# CF kit



## datboimell (Aug 31, 2004)

i havent seen a CF kit for the 95 to 96 maxi's.......but ive seen them for the 97 to 99 maximas.....now would the CF kit for the 97 max fit on my 95 with no prob......or would have to do a lil modification....( shaving cutting and so on) :hal:


----------



## sentratuner (Aug 6, 2005)

No it should fit fine. It mostly depends on what kind of website your getting it from make sure you do research and make sure its a good website. I bought my body kit off of ebay and it came in and fir PERFECT no problems. My friend bought his off of some website that was supposedly respected and his was terrible it was cracked and didn't even fit now he has no rear bumper because it won't fit. So it mostly has to do with buyer beware be careful people get ripped off on body kits all the time.


----------



## datboimell (Aug 31, 2004)

i was lookin at the cf kit on www.vqpower.com ..........and i kno there good company to buy from.................... :thumbup:


----------



## PandaXpress (Aug 9, 2005)

arent they just lay overs and wont that look a lil tacky though


----------



## datboimell (Aug 31, 2004)

i dont think it would look tacky theres an orger on here that has the cf kit on......and his max is white.....i forget his name though......if u kno who u are come in and comment......he also has a cf hood, trunk, door seals, and some other stuff.......but i think it would look sick :thumbup: not tacky


----------



## nismo_maxima (Nov 10, 2003)

Hi,

The ionic dynamics CF kit wont fit your 95-96 maxima, the 95-96 front bumper is different. the 95-96 rear bumper is shorter than the 97-99. side srkirt will fit.

We are the only company who makes carbon fiber kits for maximas, we also make carbon fiber trunks and alot stuff for the maxima. please visit our web site
www.ionicdynamics.com

If you have any other questions or want to buy any of our products please feel free to email us to

Jose Garcia [email protected] or [email protected]

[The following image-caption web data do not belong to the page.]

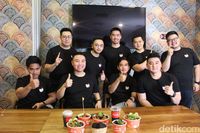 Gaaram: Rice Bowl Ayam Goreng Batu Bara Sabetan Anak Presiden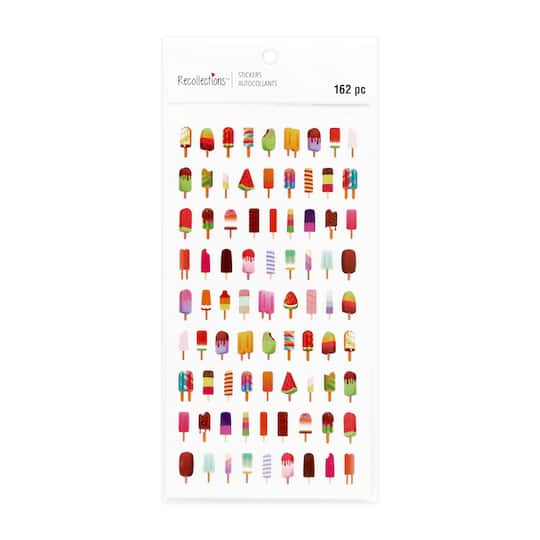 Popsicle Mini Stickers by Recollections™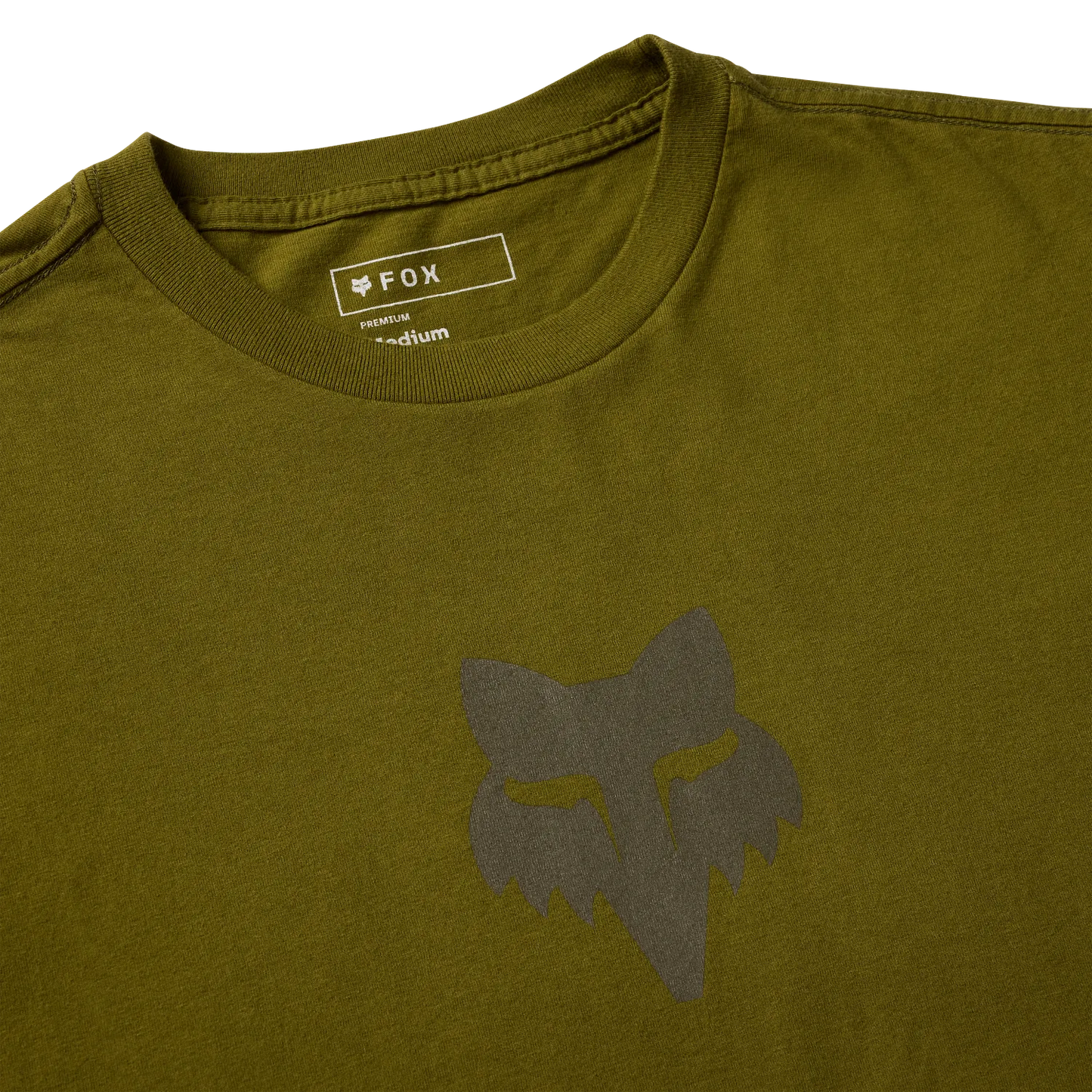 FOX • HEAD ORIGINAL 195 SS TEE • ARMY • 39402-532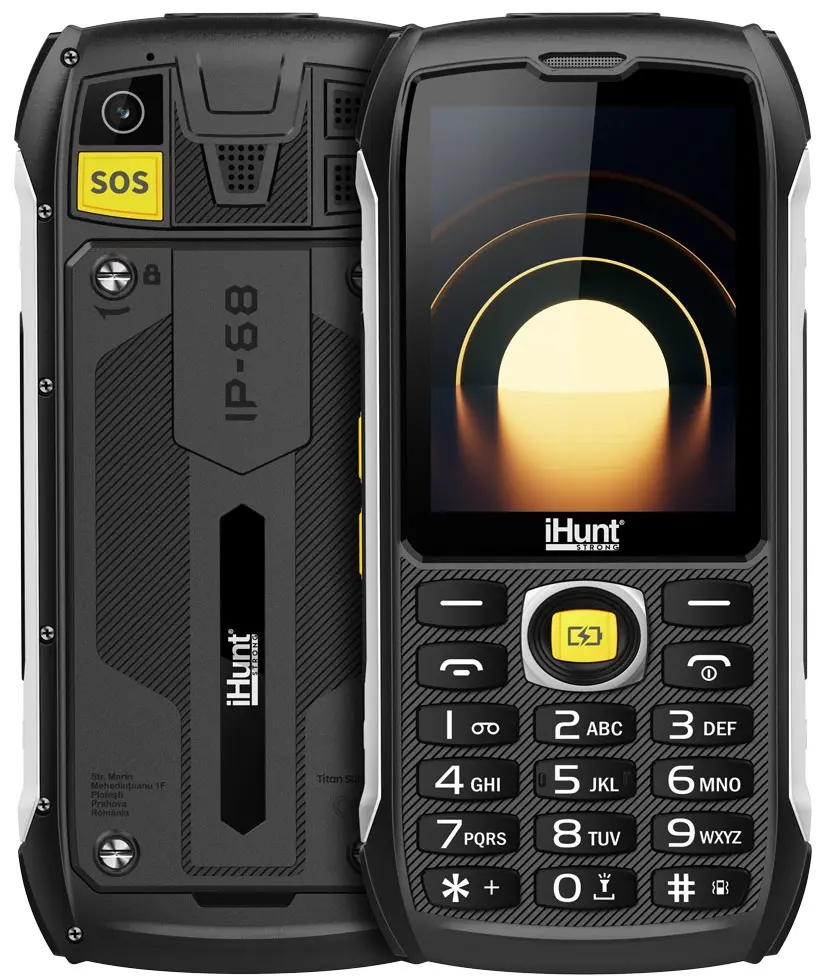 Telefon mobil iHunt Titan Survivor 4G (Black)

Jose Gomez [email protected]

Thanks

Jose Gomez

Ps: here is a picture of my maxima with the cf kit








[/IMG]


----------



## datboimell (Aug 31, 2004)

so only the sideskirts will fit....... i need the whole kit ..... there gotta be one out there..................


----------



## Kencapel (Nov 5, 2004)

I've seen lots of 96's swapped to look like 97-99...shouldnt be hard. i was told that you just buy the front and rear bumpers and trunk lid


----------



## datboimell (Aug 31, 2004)

will there ever be any cf pieces like lip kits and wut not made for the 95's.......................................................................................................................................................i kno thers hoods, trunks...... but no lip kits......nothin.......


----------